A. Key Tenets of SOA

The concept of Service-Oriented Architecture (SOA) is clouded by misinformation, folklore, and an alphabet-soup of acronyms. Complex enterprises look to the SOA paradigm for responsiveness, scalability, quality of service (QoS), and cost-effectiveness, but these attributes do not come automatically with the decision to adapt service-oriented methodologies. In fact, SOA can even rapidly propagate incorrect or out-of-context data if not properly designed and configured [10]. This section will clarify the taxonomy of related and intertwined technologies; explain the benefits, drawbacks, and misconceptions of SOA; and present guidelines for avoiding some common SOA pitfalls. The key tenet of SOA is that certain distributed applications are best implemented using a multitude of stateless, loosely coupled software components that each provides functionality in the form of a service [11]. Various mechanisms are then used to allow for the discovery (finding available services), selection (choosing an appropriate service for a task – often autonomously), binding (temporarily linking or coupling between services), and composition (solving complex tasks through the combined outputs of multiple services). While older designs tended to result in a compromise-driven “lessor of evils” approach to coordinating the physical network architecture with the software intended to run on it, SOA allows the software to run optimally as the network dynamically expands, contracts, or reconfigures as a result of changing user needs, resource availability, and system connectivity. An overall information architecture to meet the needs of complex dynamic distributed systems requires a synergistic relationship between the network topology, information pipeline, and software-level tools.
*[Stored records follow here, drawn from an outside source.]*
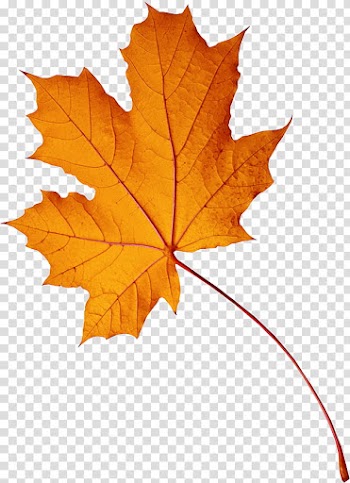 Autumn, brown maple leaf transparent background PNG clipart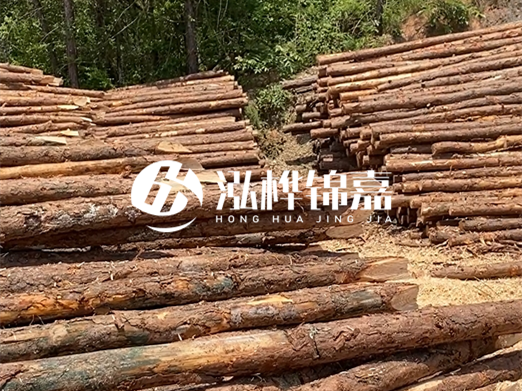 松木樁的運(yùn)輸費(fèi)用是否包含卸車費(fèi)？卸貨時(shí)需要注意哪些安全問(wèn)題？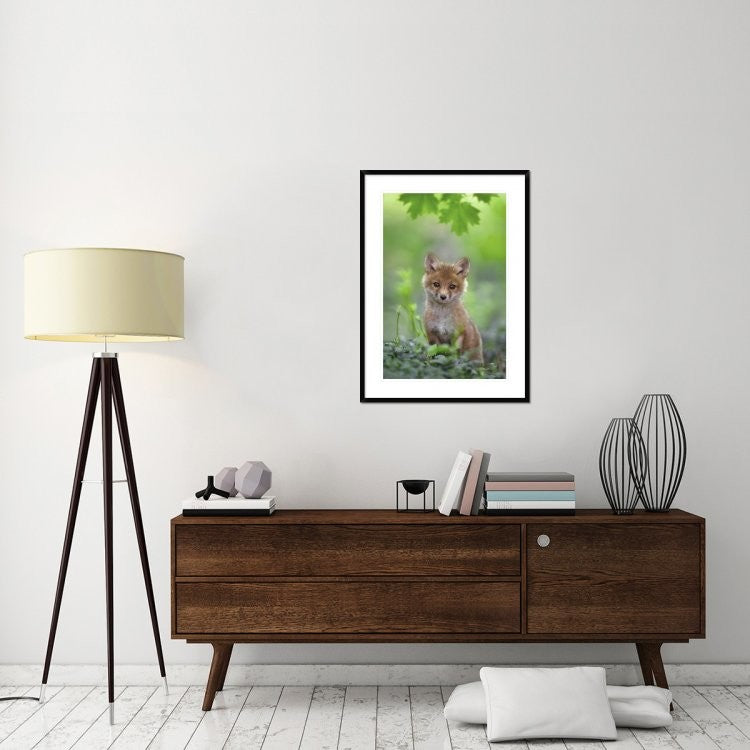 "Red Fox Pup" Framed Digital Print by Nick Kalathas, 28"x38"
B. Taxonomy of Related Terms

The recent surge in popularity of “cloud computing” has led to increased confusion over terminology describing distributed architectures. The National Institute of Standards and Technology (NIST) definition of cloud computing [12] is rather broad and includes deployment models for private clouds, community clouds, public clouds, and hybrid clouds. It is informative to briefly discuss these models. A private cloud is intended for the sole utilization of a single organization. It may, however, be hosted and/or managed by a third-party. A community cloud is shared between multiple organizations that (generally) are working together toward a shared goal or pursuit. In a public cloud, the cloud service provider offers usage of the cloud to the general public in accordance with whatever terms of service (e.g. pricing, privacy, functionality) the provider decides on in accordance with their business model. This is currently the most common model and includes services such as web-based email (e.g.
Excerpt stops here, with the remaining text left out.